IQ3CORP Limited provides advice to life science companies on mergers and acquisitions, strategic matters, restructuring and capital structure, capital raising and corporate finance, as well as asset management services to corporations, partnerships, institutions, governments, and individuals. 

http://www.iq3corp.com


----------



## Dona Ferentes (11 April 2021)

From the AFR:  ..

https://www.afr.com/companies/healthcare-an...20210407-p57h73

'It was intimidating': when companies sue analysts



> _At 9pm one Friday late last  year, sharemarket analyst Anthony Di Pizio recalls, he took a call from a  lawyer working for a biotechnology outfit he had just slammed in a  report.
> 
> The lawyer was "threatening me with proceedings", Mr Di Pizio told AFR Weekend. "It was absolutely horrible." "It was intimidating."
> 
> ...


----------



## Dona Ferentes (11 March 2022)

and bye-bye


> iQ3Corp Ltd (Administrators appointed) (ASX: IQ3) has *entered voluntary administration*, with the Company’s Board of Directors today appointing Mark Robinson, Antony Resnick, and Riad Tayeh of de Vries Tayeh as joint and several voluntary administrators (Administrators) pursuant to section 436A of the Corporations Act 2001.

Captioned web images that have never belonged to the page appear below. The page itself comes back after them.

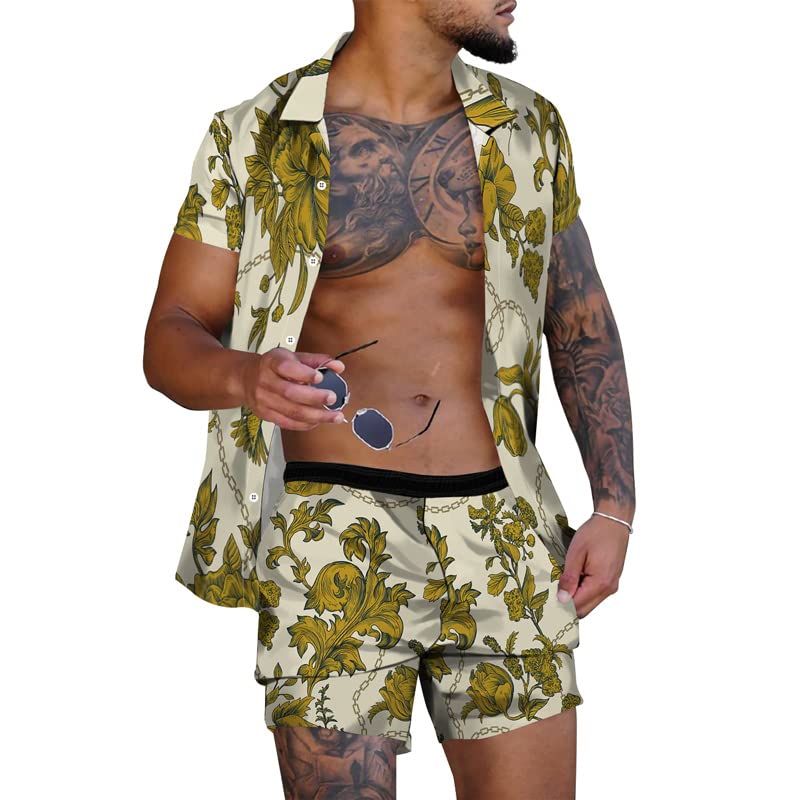 RPOVIG Beach Outfit Matching Shirts Shorts Men's Hawaiian Festival Floral Clothes 2 piece Sets with Bucket Hat2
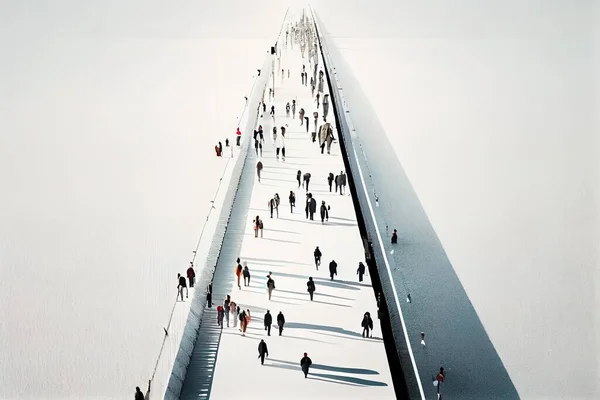 A group of people walking across a bridge over water with a sky background and a long shadow path tracing a digital rendering constructivism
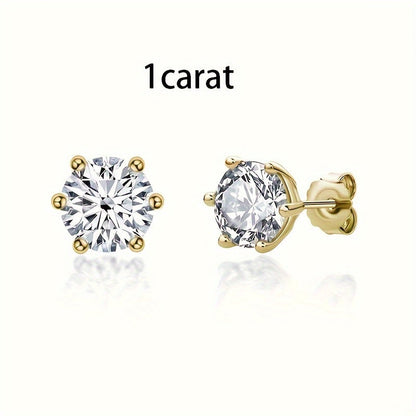 Moissanite Stud Earrings 925 Sterling Silver 0.5 1 2 3 Carat Diamond Alternative Earrings for Women Elegant Korean Japanese Style Hypoallergenic Jewelry Gift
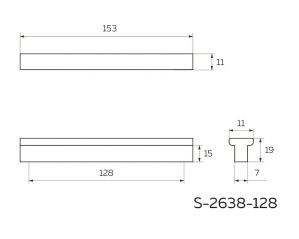 Чертёж. Ручка T-образная 128 мм, графит S-2638-128 GF.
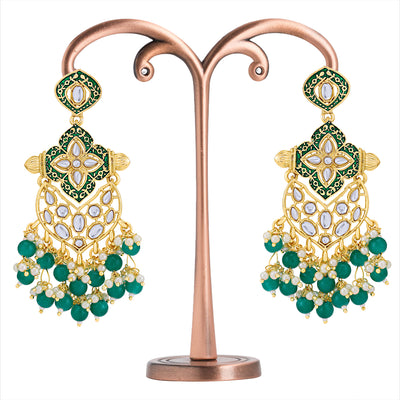 Sukkhi Fabulous Pearl Gold Plated Kundan Meenakari Chandelier Earring for Women
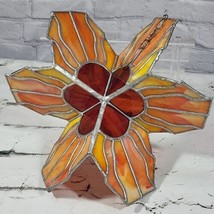 Stained Glass Flower Sculpture Hanging Sun Catcher Orange Red  - £31.06 GBP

iQ Group’s four listed companies in Australia are under administration: ASX-listed iQ3 Corp and Farmaforce, and NSX-listed iQ Group Global Ltd and iQx.

*and from the above story*


Dona Ferentes said:


> From the AFR:  ..
> 'It was intimidating': when companies sue analysts



Mr Di Pizio had defended the matter and it was dismissed.


----------